One such monster is enough to fill the soul of those who are but moderately virtuous with horror; what then would be the effect of beholding thousands? In view of such a scene, is there a young man in the world, who would not form the strongest resolution not to enter upon a road which ends in wo so remediless?

But it should be remembered that these thousands were once the friends—the children, the brothers,—yes, sometimes the nearer relatives of other thousands. They had parents, sisters, brothers; sometimes (would it were not true) wives and infants. Suppose the young man whom temptation solicits, were not only to behold the wretched thousands already mentioned, but the many more thousands of dear relatives mourning their loss;—not by death, for that were tolerable—but by an everlasting destruction from the presence of all purity or excellence. Would he not shrink back from the door which he was about to enter, ashamed and aghast, and resolve in the strength of his Creator, never more to indulge a thought of a crime so disastrous in its consequences?
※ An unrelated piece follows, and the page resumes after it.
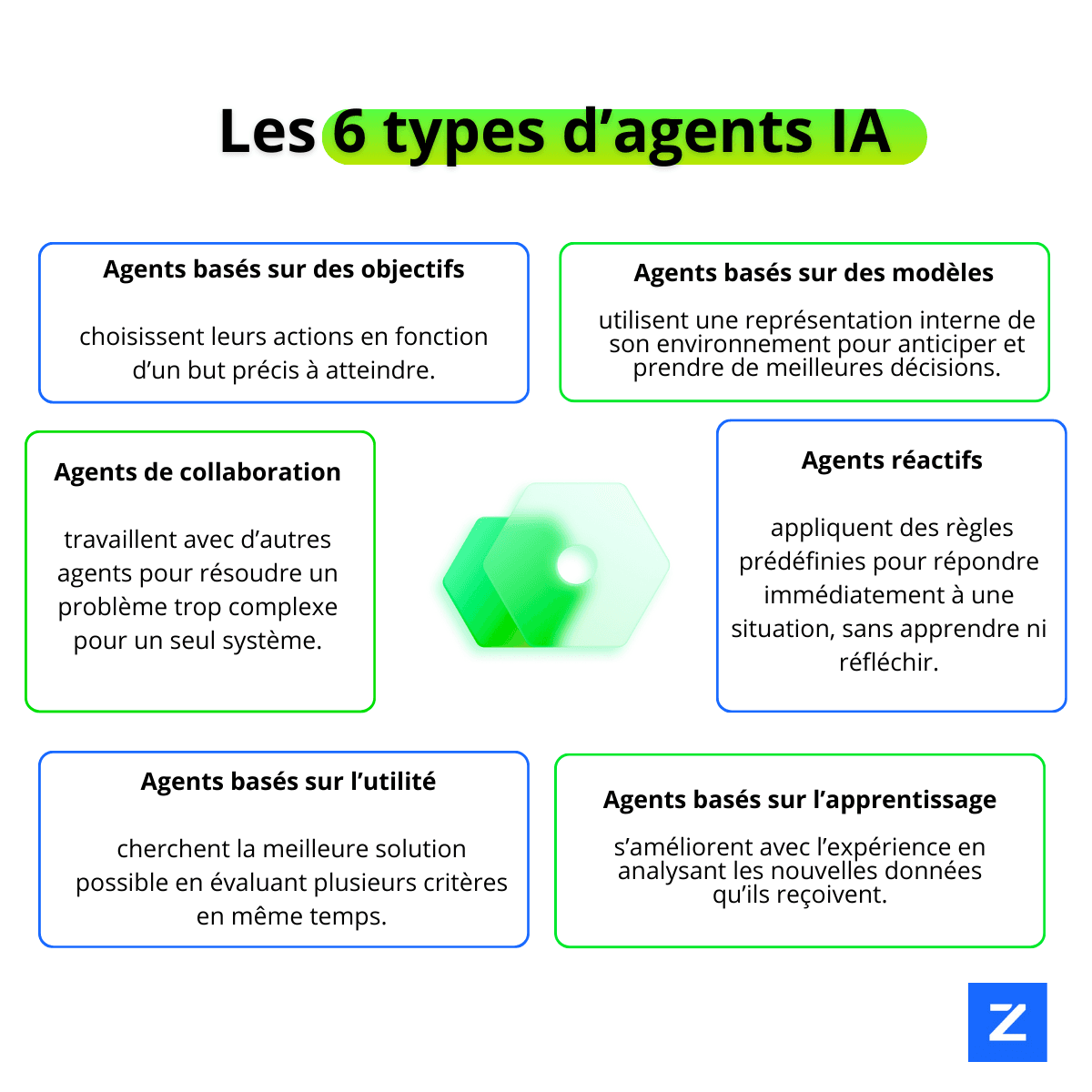 De l'IA générative à l'IA agentique : pourquoi cette transition est devenue incontournable pour les entreprises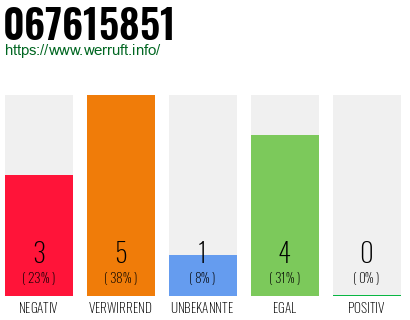 Rufnummer 067615851 Telefonnummer 067615851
And let every one remember that the army of ruined immortals which have been here presented to the imagination, is by no means a mere fancy sketch. There is a day to come which will disclose a scene of which I have given but a faint picture. For though the thousands who have thus destroyed their own bodies and souls, with their agonized friends and relatives, are scattered among several millions of their fellow citizens, and, for a time, not a few of them elude the public gaze, yet their existence is much a reality, as if they were assembled in one place.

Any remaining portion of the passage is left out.